Vulnerability Disclosure Policy

Last updated: May 11, 2023

1. PURPOSE

This policy has been created to provide guidelines for coordinated and responsible disclosure of previously unknown security vulnerabilities.

We take the security of our systems seriously, and we value the security community. The coordinated disclosure of security vulnerabilities helps us ensure the security and privacy of our users.

2. SCOPE

This policy applies to the responsible disclosure of vulnerabilities identified in LeoLabs products and systems.

3. VULNERABILITIES

LeoLabs believes in maintaining a good relationship with security researchers, and we strive to acknowledge them (if desired). Additionally, LeoLabs strives to work with vendors, partners and competitors in resolving product vulnerabilities in a timely manner. Coordinating the responsible public disclosure of a vulnerability is key to protecting our customers.

During remediation, all disclosed information about vulnerabilities is intended to remain between LeoLabs and the reporting party—if the information is not already public knowledge—until a remedy is available and disclosure activities are coordinated.

Public disclosure of LeoLabs product vulnerabilities from LeoLabs employees shall only go through appropriate channels by coordinating with Management and Marketing.

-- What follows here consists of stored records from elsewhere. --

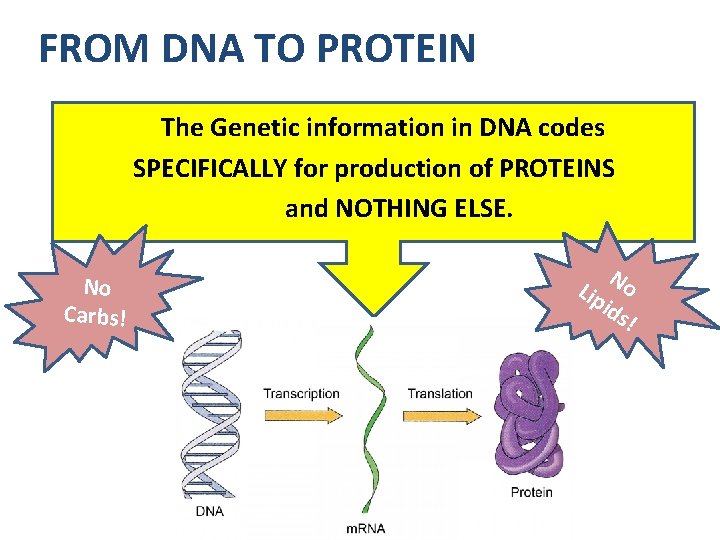 FROM DNA TO PROTEIN The Genetic information in DNA codes SPECIFICALLY for production of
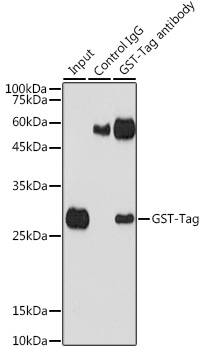 Anti-Rabbit anti GST-Tag Polyclonal Antibody (CABE006)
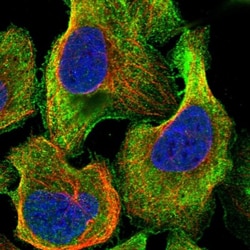 TTLL5 Antibody, Novus Biologicals:Antibodies:Primary Antibodies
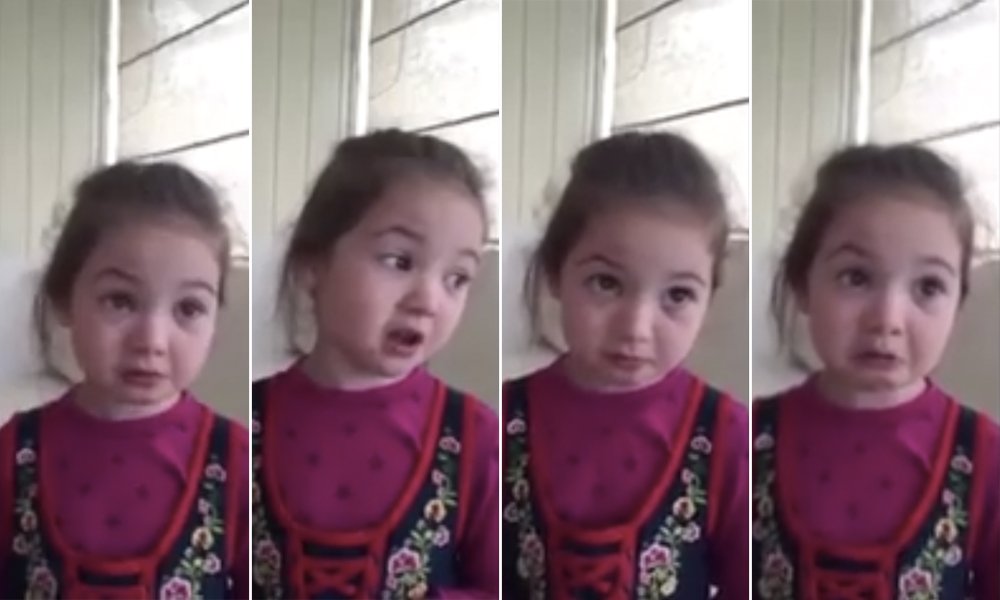 Menina explica porque não quer comer animais, e o video viraliza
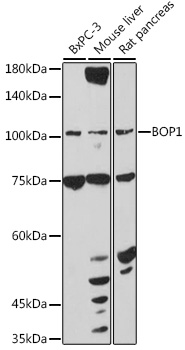 Anti-BOP1 Antibody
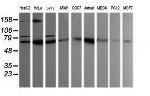 SESTD1 Antibody in Western Blot (WB)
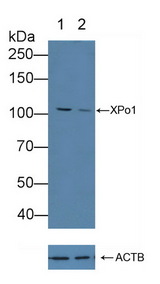 XPO1 / CRM1 Antibody - Knockout Varification: Lane 1: Wild-type Hela cell lysate; Lane 2: XPo1 knockout Hela cell lysate; Predicted MW: 123kd Observed MW: 110kd Primary Ab: 1µg/ml Rabbit Anti-Human XPO1 Antibody Second Ab: 0.2µg/mL HRP-Linked Caprine Anti-Rabbit IgG Polyclonal Antibody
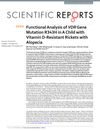 Functional Analysis of VDR Gene Mutation R343H in A Child with Vitamin D-Resistant Rickets with Alopecia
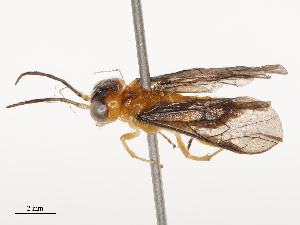  ( - CBG-B00078-C05)  @11 [ ] CreativeCommons - Attribution Share - Alike (2025) CBG Photography Group Centre for Biodiversity Genomics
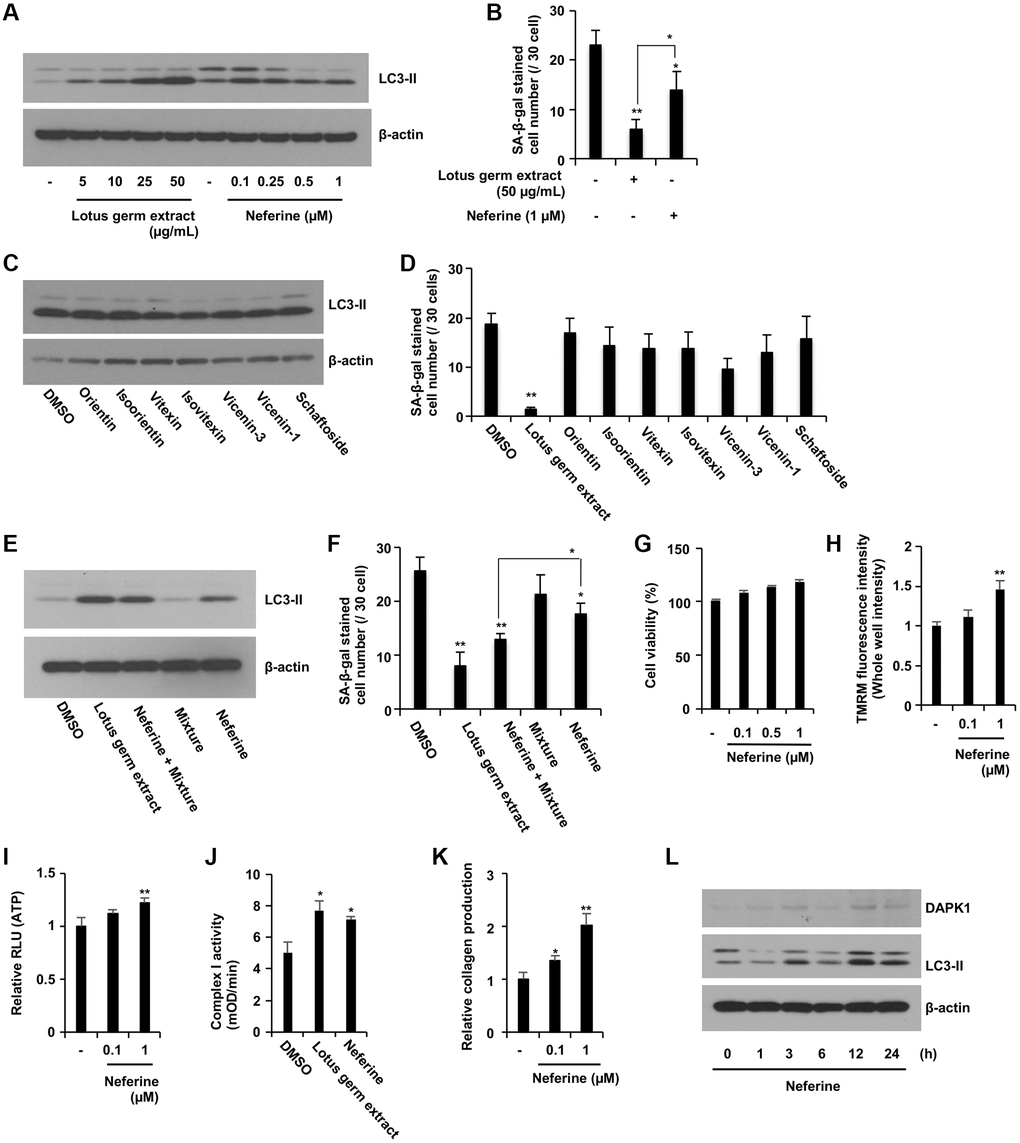 Neferine and several flavonoids play a central role in the antiaging effects of lotus germ extract. (A and B) Neferine treatment induced autophagy and suppressed SA-β-gal activity. Aging NB1RGB cells were treated with DMSO (−) or the indicated concentration of lotus germ extract or neferine for 24 h and subjected to immunoblot (A) or SA-β-gal activity (B) assays. Lotus germ extract at 50 μg/mL included 1 μM neferine. (C and D) Several polyphenols included in lotus germ extract did not induce autophagy or suppress SA-β-gal activity. Aging NB1RGB cells were treated with DMSO (-) or the indicated compounds at 10 μM for 24 h and subjected to immunoblot (C) or SA-β-gal activity (D) assays. The polyphenol mixture (0.11 μM orientin and 0.76 μM vicenin-1) stimulated neferine-dependent induction of autophagy and suppressed SA-β-gal activity. Aging NB1RGB cells were treated with DMSO (−) or 50 μg/mL lotus germ extract or 1 μM neferine with or without a mixture of 0.76 μM vicenin-1 and 0.11 μM orientin for 24 h and subjected to immunoblotting (E) or SA-β-gal activity (F) assays. (G–J) Neferine rejuvenates aging fibroblasts. Aging NB1RGB cells were treated with DMSO (−), 50 μg/mL lotus germ extract, neferine at the indicated concentration (G–I, K), or 1 μM (J) for 24 h. (G) Cell viability was determined using an MTT assay. (H) ΔΨm was determined by the TMRM red fluorescence intensity, indicating activated mitochondria. (I) ATP levels were determined using a CellTiter-Glo assay. (J) Mitochondrial complex I activity was determined. (K) Collagen productions were determined. (L) Aging NB1RGB cells were treated with 1 μM neferine for the indicated times and subjected to immunoblotting using the indicated antibodies. Data are presented as the mean ± SD of three simultaneous experiments (B, D, F–K). Each P value was calculated using two-way ANOVA; *P **P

3.1 LeoLabs Product Vulnerabilities

If a third party identifies a verified vulnerability in compliance with LeoLabs Responsible Disclosure Policy, LeoLabs commits to:

1. Provide prompt acknowledgement of receipt of their vulnerability report.
2. Work closely with them to understand the nature of the issue and work on timelines for fix/disclosure together.
3. Remediate the identified vulnerabilities and/or provide compensating controls according to their severity:
   1. High and Critical: 30 days
   2. Moderate: 90 days
   3. Low and Informational: 180 days
4. Not pursue or support any legal action related to their research;
5. Work with them to understand and resolve the issue quickly (including an initial confirmation of the vulnerability report within 72 hours of submission);

4. RESPONSIBLE DISCLOSURE GUIDELINES

LeoLabs supports responsible disclosure, and we take responsibility for disclosing product vulnerabilities to our customers. To encourage responsible disclosure, we ask that all researchers and third-parties comply with the following Responsible Disclosure Guidelines:

1. To Report a Vulnerability, contact the LeoLabs Security Team (security@leolabs.space)
2. Keep information about any vulnerabilities you’ve discovered confidential between yourself and LeoLabs until we’ve had an appropriate amount of days to remediate based on severity.
3. Allow LeoLabs an opportunity to correct a vulnerability within the specified time frame before publicly disclosing the identified issue, in order to ensure that LeoLabs has developed and thoroughly tested a patch and made it available to licensed customers at the time of disclosure.
4. Make a good faith effort to avoid privacy violations as well as destruction, interruption or segregation of our services.
5. Only use the identified communication channels to report vulnerability information to us; and
6. Do not modify, view, or destroy data that does not belong to you.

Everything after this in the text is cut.